In Mills v. Damson Oil Corp., this court stated that " [i]t is well settled in Mississippi that constructive notice is not imparted to bona fide purchasers by recording a defectively acknowledged deed." 686 F.2d at 1103-04 (citing Ligon v. Barton, 88 Miss. 135, 40 So. 555 (1906); Elmslie v. Thurman, 87 Miss. 537, 40 So. 67 (1905); Smith v. McIntosh, 176 Miss. 725, 170 So. 303 (1936)). The court noted, however, that the cited cases, as well as most of the other cases that describe the nature of the defect involved, concern patent defects, i.e., "defects which are apparent on the face of the acknowledgment." Mills, 686 F.2d at 1104. The defect in Mills was "entirely latent" because there was "nothing in the deed or its acknowledgment to indicate that the named grantee, Lurline Daws, and S.B. Daws, who took the acknowledgment, were related to each other, or, indeed, that either was married." Id. Because only one Mississippi case, Roebuck v. Bailey, 176 Miss. 234, 166 So. 358 (1936), discussed the effect of a latent defect in an acknowledgment on bona fide purchasers, and because in that case the Mississippi court recognized a potential distinction between latently and patently defective acknowledgments, this court certified the following question to the Mississippi Supreme Court:

Whether a defectively acknowledged and recorded deed imparts constructive notice if the defect in the acknowledgment is entirely latent?
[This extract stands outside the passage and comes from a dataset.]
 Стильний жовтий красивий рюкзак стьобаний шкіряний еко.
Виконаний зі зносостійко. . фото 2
Mills, 686 F.2d at 1114. The Mississippi Supreme Court answered "yes." Mills v. Damson Oil Corp., 437 So. 2d 1005, 1006 (Miss.1983).
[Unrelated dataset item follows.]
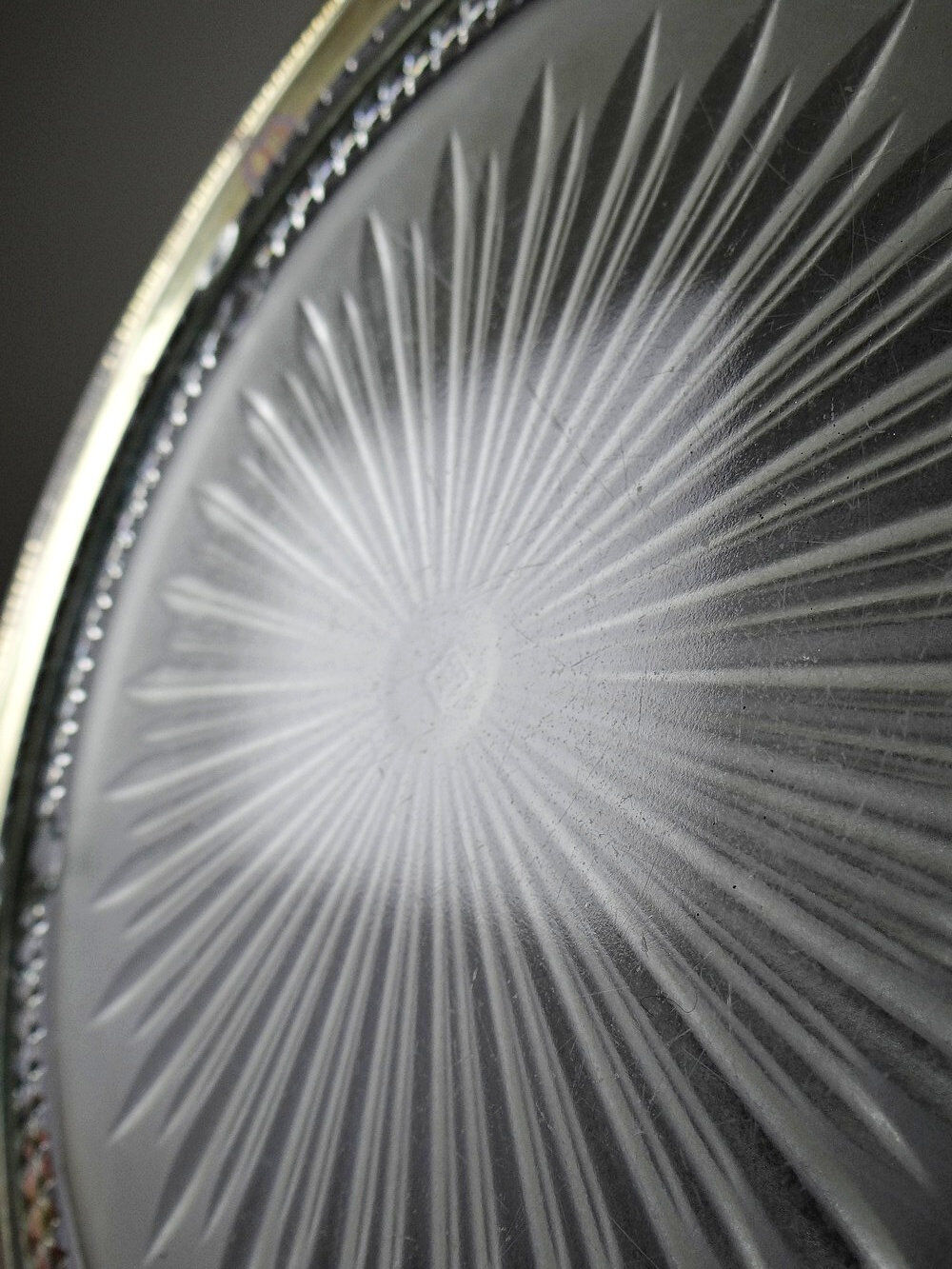 Plateau with handles, moulded glass and brass, Verlys, vintage Art Deco 1930-1940.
Nothing in the Mississippi Supreme Court's answer to the certified question in Mills casts any doubt on the cases involving defectively acknowledged deeds in which the defects are patent. Those cases hold that the recording of such defectively acknowledged deeds does not impart constructive notice to bona fide purchasers. See Mills, 686 F.2d at 1103-04 and cases cited therein; see also Cotton v. McConnell, 435 So. 2d 683 (Miss.1983) (a deed with a defective acknowledgment is not eligible for recordation, and is not effective as to third parties, under Sec. 89-3-1, but it is wholly effective between the parties to it). The original deed of trust in this case names Robert L. Taylor as trustee, and Robert L. Taylor acknowledged the signature of the grantor. Thus, it is clear that the defect in the acknowledgment is patent, and the district court correctly held that the deed did not give constructive notice to subsequent bona fide purchasers and creditors. We therefore conclude that, under Mississippi law, the recordation of the defectively acknowledged deed of trust did not impart constructive notice, and thus did not protect the Bank's interest under the deed of trust against a subsequent judgment lien creditor in the absence of actual notice to such a subsequent judgment lien creditor.

(2)

The district court held that, although the recordation of the defective deed did not impart constructive notice, it could impart actual notice "to anyone who cared to review the records of the Chancery Clerk." The district court then held that the United States did have actual notice, apparently because IRS agents could have discovered the deed by reviewing the county land records. The United States argues that the district court's holding that the United States had actual notice of the deed is unsupported by the record, and contends that the district court confused the notion of constructive notice with actual notice in its holding that actual notice is imparted to third parties by the mere recordation of a defective deed of trust.

Under Mississippi law, a prior deed, whether recorded or unrecorded, is good against a subsequent purchaser or creditor with actual notice of it. Dixon & Sharkey v. Lacoste, 9 Miss. 70, 107 (1843). In addition, a recorded deed that is not acknowledged is valid against "one who sees upon the record and reads an instrument improperly recorded, because not acknowledged or proved as required by law." Woods v. Garnett, 72 Miss. 78, 16 So. 390, 391 (1894). In order to have "actual notice," a party must be "aware of the nature and purposes of the deed." Bass v. Estill, 50 Miss. 300, 306 (1874). Actual notice is defined by Black's Law Dictionary (5th ed. 1979) as "such notice as is positively proved to have been given to a party directly and personally, or such as he is presumed to have received personally because the evidence within his knowledge was sufficient to put him upon inquiry."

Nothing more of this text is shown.